FPGARelated.com
Forums

Interesting problems about high performance computing

Started by hits...@hit.edu.cn June 20, 2007
There is a software application which demonds huge computation. My aim
is to port the software program into hardware. So first of all, I need
to evaluate the required volumn of computation.

The situation is that the software program will need up to 22 hours on
personal computer (P4 3.06G, 2GB RAM) to finish the computation, while
the operations mostly are float-point multiplications and additions. I
need to finish the computation by hardware in serveral minites. Is it
possible?

Another problem is that which kind of hardware platforms is
perferable. I have checked that the production provided by
Nallatech(www.nallatech.com) seems suitable for me. I am still
wondering whether I should choose some boards with multiple DSP
processors on it? I think DSP processors are better at floating point
operations.

On Jun 19, 11:41 pm, "h...@hit.edu.cn" <h...@hit.edu.cn> wrote:
> There is a software application which demonds huge computation. My aim > is to port the software program into hardware. So first of all, I need > to evaluate the required volumn of computation.
put some counters in the software version to total the required number of operations on each variable in the calculation, and you can get that answer fairly accurately. Next take a good look at the algorithm, for concurrency and necessary serial operations. Any place you have a different data value used in each iteration a loop, you have the chance to do calculate two or more values per loop iterations (unrolling the loop) to gain parallelism.
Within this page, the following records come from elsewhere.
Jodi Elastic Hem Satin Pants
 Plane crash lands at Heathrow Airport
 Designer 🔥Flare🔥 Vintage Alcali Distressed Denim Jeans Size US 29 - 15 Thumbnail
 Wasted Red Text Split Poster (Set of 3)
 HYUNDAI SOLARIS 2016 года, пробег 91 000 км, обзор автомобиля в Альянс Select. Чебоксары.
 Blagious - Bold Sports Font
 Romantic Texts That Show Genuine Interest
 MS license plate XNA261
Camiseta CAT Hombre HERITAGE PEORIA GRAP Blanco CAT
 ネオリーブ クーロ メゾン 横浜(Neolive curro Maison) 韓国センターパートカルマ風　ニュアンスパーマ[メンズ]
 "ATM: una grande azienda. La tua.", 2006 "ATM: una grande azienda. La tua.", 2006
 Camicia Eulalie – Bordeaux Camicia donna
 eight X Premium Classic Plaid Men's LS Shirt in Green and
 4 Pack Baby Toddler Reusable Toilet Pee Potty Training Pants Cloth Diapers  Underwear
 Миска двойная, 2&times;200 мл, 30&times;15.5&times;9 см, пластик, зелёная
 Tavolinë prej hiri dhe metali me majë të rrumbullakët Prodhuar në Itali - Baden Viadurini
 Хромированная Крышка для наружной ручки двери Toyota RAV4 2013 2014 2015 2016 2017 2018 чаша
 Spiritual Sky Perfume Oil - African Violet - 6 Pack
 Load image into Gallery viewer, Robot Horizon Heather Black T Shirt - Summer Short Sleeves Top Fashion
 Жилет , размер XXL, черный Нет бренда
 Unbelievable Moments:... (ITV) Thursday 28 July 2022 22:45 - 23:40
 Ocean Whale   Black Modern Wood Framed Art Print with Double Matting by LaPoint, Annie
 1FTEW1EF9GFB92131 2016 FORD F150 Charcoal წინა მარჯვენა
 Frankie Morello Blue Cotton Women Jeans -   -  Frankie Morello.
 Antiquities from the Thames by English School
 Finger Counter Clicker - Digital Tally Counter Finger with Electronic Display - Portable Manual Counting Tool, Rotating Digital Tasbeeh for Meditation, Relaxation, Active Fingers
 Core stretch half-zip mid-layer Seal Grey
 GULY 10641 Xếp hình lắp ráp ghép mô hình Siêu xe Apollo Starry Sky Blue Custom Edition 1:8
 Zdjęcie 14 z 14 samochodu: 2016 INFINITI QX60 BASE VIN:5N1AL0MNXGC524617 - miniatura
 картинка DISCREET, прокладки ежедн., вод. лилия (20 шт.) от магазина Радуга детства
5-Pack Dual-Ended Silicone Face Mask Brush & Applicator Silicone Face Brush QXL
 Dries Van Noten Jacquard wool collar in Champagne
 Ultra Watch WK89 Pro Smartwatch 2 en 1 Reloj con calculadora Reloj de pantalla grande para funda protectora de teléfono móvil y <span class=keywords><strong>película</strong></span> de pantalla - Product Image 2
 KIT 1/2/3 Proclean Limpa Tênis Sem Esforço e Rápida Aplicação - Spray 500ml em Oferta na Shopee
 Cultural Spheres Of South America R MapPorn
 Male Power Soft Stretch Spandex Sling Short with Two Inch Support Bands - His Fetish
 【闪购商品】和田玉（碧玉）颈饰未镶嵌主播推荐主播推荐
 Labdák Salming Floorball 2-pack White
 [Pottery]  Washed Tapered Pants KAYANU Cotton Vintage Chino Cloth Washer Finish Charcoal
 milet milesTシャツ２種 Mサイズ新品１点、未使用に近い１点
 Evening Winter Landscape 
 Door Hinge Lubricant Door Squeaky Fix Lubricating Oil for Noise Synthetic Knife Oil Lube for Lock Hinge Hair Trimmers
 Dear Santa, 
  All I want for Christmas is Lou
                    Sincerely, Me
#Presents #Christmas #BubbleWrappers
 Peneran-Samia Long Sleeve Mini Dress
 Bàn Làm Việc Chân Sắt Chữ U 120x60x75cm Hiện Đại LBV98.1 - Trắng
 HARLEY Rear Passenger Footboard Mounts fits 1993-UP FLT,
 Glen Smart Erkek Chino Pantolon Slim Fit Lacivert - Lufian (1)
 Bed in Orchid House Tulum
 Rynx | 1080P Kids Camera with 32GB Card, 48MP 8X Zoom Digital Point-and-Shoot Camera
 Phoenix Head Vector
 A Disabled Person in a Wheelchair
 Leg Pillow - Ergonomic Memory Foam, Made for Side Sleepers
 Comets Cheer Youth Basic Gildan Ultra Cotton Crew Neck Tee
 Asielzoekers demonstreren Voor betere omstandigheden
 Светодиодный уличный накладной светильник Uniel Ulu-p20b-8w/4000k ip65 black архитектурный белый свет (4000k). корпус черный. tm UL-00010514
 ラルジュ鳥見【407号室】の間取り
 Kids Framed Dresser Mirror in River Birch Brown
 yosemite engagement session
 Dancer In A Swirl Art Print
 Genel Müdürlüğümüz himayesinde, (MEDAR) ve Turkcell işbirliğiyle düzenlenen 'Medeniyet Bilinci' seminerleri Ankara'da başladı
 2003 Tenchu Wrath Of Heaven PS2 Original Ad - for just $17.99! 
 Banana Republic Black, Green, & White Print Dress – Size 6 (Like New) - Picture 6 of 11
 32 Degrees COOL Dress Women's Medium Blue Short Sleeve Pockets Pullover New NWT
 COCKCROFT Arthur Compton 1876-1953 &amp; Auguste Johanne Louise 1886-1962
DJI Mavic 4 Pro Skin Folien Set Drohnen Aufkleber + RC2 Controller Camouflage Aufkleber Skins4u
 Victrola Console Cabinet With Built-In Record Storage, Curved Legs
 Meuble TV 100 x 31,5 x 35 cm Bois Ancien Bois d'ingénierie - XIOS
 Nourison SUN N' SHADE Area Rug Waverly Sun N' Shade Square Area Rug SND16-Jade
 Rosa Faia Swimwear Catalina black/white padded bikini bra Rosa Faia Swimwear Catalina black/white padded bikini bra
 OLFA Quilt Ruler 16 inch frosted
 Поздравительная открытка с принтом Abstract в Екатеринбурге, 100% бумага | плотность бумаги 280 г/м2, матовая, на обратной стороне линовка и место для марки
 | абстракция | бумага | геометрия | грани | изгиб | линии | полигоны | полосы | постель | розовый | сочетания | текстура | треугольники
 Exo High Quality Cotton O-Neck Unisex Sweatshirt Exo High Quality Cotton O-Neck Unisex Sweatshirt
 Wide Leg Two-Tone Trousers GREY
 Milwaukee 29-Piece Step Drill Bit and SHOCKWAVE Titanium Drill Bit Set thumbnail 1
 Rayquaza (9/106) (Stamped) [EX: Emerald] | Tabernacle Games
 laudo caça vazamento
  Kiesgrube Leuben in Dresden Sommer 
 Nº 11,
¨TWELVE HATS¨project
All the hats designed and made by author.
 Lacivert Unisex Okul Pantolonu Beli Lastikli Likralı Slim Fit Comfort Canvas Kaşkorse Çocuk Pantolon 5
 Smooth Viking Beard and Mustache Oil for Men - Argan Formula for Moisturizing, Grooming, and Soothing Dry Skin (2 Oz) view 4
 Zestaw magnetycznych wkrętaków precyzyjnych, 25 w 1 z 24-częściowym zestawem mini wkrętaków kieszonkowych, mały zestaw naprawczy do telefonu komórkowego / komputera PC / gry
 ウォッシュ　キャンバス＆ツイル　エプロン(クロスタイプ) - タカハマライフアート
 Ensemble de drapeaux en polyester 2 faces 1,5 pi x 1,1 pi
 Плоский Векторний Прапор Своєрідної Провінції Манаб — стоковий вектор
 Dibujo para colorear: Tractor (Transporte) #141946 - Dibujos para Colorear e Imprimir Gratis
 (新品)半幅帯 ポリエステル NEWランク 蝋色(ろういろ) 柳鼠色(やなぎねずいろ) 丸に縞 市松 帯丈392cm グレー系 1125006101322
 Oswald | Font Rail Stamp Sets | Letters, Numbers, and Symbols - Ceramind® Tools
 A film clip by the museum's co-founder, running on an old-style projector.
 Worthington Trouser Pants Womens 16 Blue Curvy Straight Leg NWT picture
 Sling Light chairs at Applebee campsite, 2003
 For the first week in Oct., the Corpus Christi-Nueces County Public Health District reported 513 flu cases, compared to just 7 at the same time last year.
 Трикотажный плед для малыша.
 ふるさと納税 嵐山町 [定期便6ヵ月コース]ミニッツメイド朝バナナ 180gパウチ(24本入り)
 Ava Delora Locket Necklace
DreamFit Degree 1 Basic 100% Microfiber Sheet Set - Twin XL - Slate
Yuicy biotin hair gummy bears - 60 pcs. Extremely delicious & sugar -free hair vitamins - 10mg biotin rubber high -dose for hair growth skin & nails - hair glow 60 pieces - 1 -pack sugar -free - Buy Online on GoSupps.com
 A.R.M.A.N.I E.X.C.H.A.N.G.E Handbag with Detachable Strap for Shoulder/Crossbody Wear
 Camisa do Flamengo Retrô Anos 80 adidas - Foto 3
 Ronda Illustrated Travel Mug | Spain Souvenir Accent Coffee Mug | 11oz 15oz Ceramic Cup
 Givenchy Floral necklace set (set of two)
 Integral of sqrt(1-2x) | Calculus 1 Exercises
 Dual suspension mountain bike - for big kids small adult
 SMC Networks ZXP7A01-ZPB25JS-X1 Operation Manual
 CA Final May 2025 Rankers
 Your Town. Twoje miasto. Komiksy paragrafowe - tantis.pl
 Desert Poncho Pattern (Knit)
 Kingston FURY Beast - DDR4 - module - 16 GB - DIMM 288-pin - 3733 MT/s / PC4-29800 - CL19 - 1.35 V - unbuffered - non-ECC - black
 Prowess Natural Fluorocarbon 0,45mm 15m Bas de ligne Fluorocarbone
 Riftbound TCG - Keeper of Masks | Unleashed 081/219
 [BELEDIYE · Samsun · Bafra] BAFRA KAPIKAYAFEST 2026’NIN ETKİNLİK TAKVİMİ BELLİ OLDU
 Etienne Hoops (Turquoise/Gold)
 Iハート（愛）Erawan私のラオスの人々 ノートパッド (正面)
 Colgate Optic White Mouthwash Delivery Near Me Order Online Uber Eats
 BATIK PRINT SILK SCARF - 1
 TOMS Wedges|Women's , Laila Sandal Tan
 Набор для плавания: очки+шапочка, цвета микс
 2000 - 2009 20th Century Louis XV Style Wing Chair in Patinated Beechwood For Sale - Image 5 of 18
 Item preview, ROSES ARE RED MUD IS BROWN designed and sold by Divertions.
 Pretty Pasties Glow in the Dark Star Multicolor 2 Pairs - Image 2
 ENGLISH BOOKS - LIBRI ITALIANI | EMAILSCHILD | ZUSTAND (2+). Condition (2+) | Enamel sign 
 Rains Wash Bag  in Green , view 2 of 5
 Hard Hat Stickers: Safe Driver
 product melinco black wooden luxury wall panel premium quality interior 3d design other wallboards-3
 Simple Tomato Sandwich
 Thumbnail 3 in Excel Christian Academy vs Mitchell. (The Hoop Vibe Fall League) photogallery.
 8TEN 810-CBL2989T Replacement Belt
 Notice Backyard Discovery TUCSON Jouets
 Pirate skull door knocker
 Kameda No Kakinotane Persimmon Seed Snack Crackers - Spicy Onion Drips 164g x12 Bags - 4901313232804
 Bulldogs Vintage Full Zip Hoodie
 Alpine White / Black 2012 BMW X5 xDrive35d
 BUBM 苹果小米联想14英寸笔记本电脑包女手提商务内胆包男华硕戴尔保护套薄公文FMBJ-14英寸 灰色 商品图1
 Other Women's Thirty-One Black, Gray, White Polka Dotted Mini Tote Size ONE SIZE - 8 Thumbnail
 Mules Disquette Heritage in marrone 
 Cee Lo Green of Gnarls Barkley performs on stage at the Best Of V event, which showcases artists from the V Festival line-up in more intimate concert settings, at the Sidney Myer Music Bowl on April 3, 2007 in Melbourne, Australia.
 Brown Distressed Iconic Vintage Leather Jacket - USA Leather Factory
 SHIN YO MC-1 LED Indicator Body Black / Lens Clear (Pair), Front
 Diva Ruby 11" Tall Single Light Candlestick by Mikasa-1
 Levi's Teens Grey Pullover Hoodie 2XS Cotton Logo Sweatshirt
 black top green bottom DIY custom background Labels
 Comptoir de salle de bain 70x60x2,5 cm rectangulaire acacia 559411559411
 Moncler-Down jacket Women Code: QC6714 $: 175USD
If however, there are serializations which offer no restructuring to parallelize, then the application might well be done best with a fast cpu/cache rather than a slower FGPA. Look at Amdahl's law regarding possible speedup between parallel and serial sections of a program. In some cases, even a serial operation that is lengthy, may see some gains by pipelining, as another form of parallelization. So be constructive in looking for parallelism in the algorithm. In some other cases, using a completely different algorithm which completes the task equally, may be the only means for gaining the required parallelism. This sometimes requires some thought, like replacing recursion with linear code, to "unroll" the implied loops. or reordering the sequence over operations ... such as loop combining where one or more loops process the same data points.
> The situation is that the software program will need up to 22 hours on > personal computer (P4 3.06G, 2GB RAM) to finish the computation, while > the operations mostly are float-point multiplications and additions. I > need to finish the computation by hardware in serveral minites. Is it > possible?
In general, most FPGA implementations see speed improvements between 2X to 200X, sometimes worse, rarely much better, unless the main software loop is very small, and the algorithm has exceptional parallelism. The reason is that FPGA cycle times are relatively slow compared to GHz multi-issue pipelined CPUs. It doesn't really mater much if the data is fixed or floating point, what matters is the degree of parallelism you can introduce and exploit in the FPGA. You are looking for speed up's on the order of 22*60/3 = 440X which rather implies the calculations of the algorithm must have a very small kernel, and extremely easy to parallelize with little or no serial component (such as memory accesses) to meet your goals in an FPGA ... certainly possible with some careful work, but not necessarily for all algorithms or problems.
> Another problem is that which kind of hardware platforms is > perferable. I have checked that the production provided by > Nallatech(www.nallatech.com) seems suitable for me. I am still > wondering whether I should choose some boards with multiple DSP > processors on it? I think DSP processors are better at floating point > operations.
Beside looking at FPGAs, you might also consider GPUs, Cell processors, and a different CPU architecture which has better multi- issue floating point, cache, or memory performance ... including tuning the application for exactly that CPU/Memory configuration. Have fun! John
Hello
> Another problem is that which kind of hardware platforms is > perferable. I have checked that the production provided by > Nallatech(www.nallatech.com) seems suitable for me. I am still > wondering whether I should choose some boards with multiple DSP > processors on it? I think DSP processors are better at floating point > operations. >
perhaps, this one could suit your needs: http://www.mathstar.com/products.html Regards Christian
Most engineers still don't realize the processing power of the FPGA. True,
today's processors operate at high clock frequencies.  People don't truly
understand how much of that raw speed is lost to processor overhead.
 I created a FPGA process for processing real time 1280pixel
32bit camera scans to identifiy the leading edge of incoming documents,
determine
the skew angle and rotate the image in realtime while the image was still
being scanned.  This process originally required 8 High speed DSP's with
significant
propagation delay and large amounts of memory.
I have also converted many software processes to the FPGA enviroment.
Each have had dramatic improvements in speed that no processor could
ever come close to matching.

Here is a short list of problems your software program may be
experiencing.

  1. Almost 25% to 50% your speed is lost to opcode and memory access.
This number varies depending on CPU cache efficiency.
  2. Depending on the software program size and memory access.  You
could be forcing excessive cache dumps and reload which can reduce
speed another 10 to 50%.
  3. You must then content with program efficiency.  Is the program
  optimized
for speed.
  4. Last, the efficiency of your software compiler.  Is it using extensive
use of libraries or inline code.

When a program is converted to hardware you eliminate items 1, 2, and 4. 
You
are left with program efficiency, how well it is translated to hardware.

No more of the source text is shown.